The Phnom Penh Municipal Court tried the former manager of local radio and TV station SEATV on breach of trust charges for allegedly inflating payroll and other expenditures and pocketing the excess to the tune of more than $4 million.
Defendant Sem Savanndeth, the former director-general of Southeast Asia Radio and TV Station, did not attend the trial due to health problems, his lawyer said. Mr Savanndeth is incarcerated in PJ Prison and was reportedly too sick to attend his trial Tuesday.
The complainant in the case, SEATV CEO Kao Kim Hourn, a CPP secretary of state at the Foreign Affairs Ministry, was not in court either.

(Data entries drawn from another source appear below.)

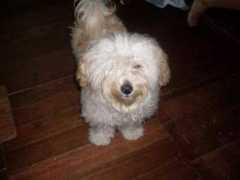 pawsunlimited.petster.com Mishae
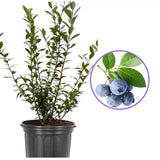 Afin Tarziu Elliot (Vaccinium corymbosum), productiv, cu fructe dulci-acrisoare, an 2 pe rod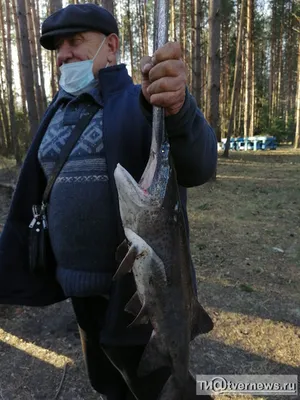 Картинка рыбы веслонос во время отдыха на дне морского дна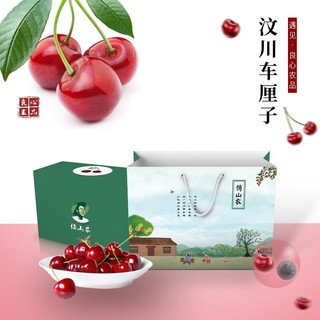 shui guo shu cai 水果蔬菜 汶川甜樱桃 1.5kg 大果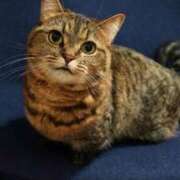 ヒメ日記 2026/02/24 12:13 投稿 清井 華恋人(カレント)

Mr Savanndeth, who was arrested in October, is alleged by Mr Kim Hourn to have stolen vast sums from the payroll of the broadcaster and to have collected funds on invoices for equipment that was never purchased and construction work that never occurred, Deputy Prosecutor Plang Sophal said in court.
Mr Sophal said Mr Savanndeth’s position allowed him to steal the money without oversight.
“Mr Savanndeth managed the case. Who cheated the money? He did,” the deputy prosecutor argued.
More than 10 SEATV employees testified that they received less money than was accounted for on payroll ledgers shown to them during the investigation.
Though Mr Savanndeth did not attend the trial, a clerk read his interview with investigating judges to the court.
According to that testimony, Mr Savanndeth said that his superior, Mr Kim Hourn, was well aware of all expenditures being made at SEATV and had approved all invoices and payroll documents, and that and Mr Kim Hourn was therefore as responsible as he for the massive theft of cash from the company.
“Mr Kim Hourn accused me of cheating him, but it is not true,” Mr Savanndeth said in his testimony.
Mr Savanndeth’s lawyer, Vong Pheakdey, also dismissed the court testimony of the SEATV employees as not credible.
“All of the witnesses are working under Mr Kim Hourn’s authority, so they could not say Mr Kim Hourn was a bad person,” Mr Pheakdey said.
Mr Pheakdey also requested that the judge order a full reinvestigation of the facts of the case.
Mr Kim Hourn’s lawyer Ing Kerya said that his client had originally demanded $7 million in restitution and damages from Mr Savanndeth, but had since reduced that amount to around $4 million.
“Mr Savanndeth bought equipment for SEATV but did not follow procedure,” Mr Kerya said.
Judge Oeung Seang said a verdict for the case will be announced on May 18.